Find the word "Ford" in the material below and gather every line that contains it.

◆ ◆ ◆ ◆ ◆

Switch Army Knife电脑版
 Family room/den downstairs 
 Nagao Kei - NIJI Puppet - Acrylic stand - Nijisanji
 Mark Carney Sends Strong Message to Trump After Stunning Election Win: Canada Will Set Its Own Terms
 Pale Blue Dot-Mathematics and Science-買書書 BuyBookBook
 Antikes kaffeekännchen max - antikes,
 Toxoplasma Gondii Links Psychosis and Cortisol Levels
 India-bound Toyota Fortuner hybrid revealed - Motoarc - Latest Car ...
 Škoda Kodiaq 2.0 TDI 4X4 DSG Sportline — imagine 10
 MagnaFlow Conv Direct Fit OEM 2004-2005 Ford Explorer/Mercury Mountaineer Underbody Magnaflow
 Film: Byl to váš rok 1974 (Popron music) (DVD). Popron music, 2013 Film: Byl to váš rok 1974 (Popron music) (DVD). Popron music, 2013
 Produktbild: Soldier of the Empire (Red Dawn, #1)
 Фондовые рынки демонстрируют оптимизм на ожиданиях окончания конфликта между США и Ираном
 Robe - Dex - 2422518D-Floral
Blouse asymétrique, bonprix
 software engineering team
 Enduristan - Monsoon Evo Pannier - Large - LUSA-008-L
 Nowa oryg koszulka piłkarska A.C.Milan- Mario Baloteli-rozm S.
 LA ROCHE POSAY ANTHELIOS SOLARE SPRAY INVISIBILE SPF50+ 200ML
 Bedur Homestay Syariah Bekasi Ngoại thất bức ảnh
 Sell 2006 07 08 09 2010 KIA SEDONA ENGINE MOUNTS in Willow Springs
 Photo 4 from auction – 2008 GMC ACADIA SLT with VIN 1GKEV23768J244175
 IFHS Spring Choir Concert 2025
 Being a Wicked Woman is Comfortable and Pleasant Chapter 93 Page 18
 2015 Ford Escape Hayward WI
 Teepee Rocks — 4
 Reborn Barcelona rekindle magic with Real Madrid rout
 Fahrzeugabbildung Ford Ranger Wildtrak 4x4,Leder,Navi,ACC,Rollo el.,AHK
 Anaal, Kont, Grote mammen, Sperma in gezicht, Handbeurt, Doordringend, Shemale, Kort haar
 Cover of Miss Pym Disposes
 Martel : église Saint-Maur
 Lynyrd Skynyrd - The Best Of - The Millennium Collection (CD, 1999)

◆ ◆ ◆ ◆ ◆

Answer box:
 MagnaFlow Conv Direct Fit OEM 2004-2005 Ford Explorer/Mercury Mountaineer Underbody Magnaflow
 2015 Ford Escape Hayward WI
 Fahrzeugabbildung Ford Ranger Wildtrak 4x4,Leder,Navi,ACC,Rollo el.,AHK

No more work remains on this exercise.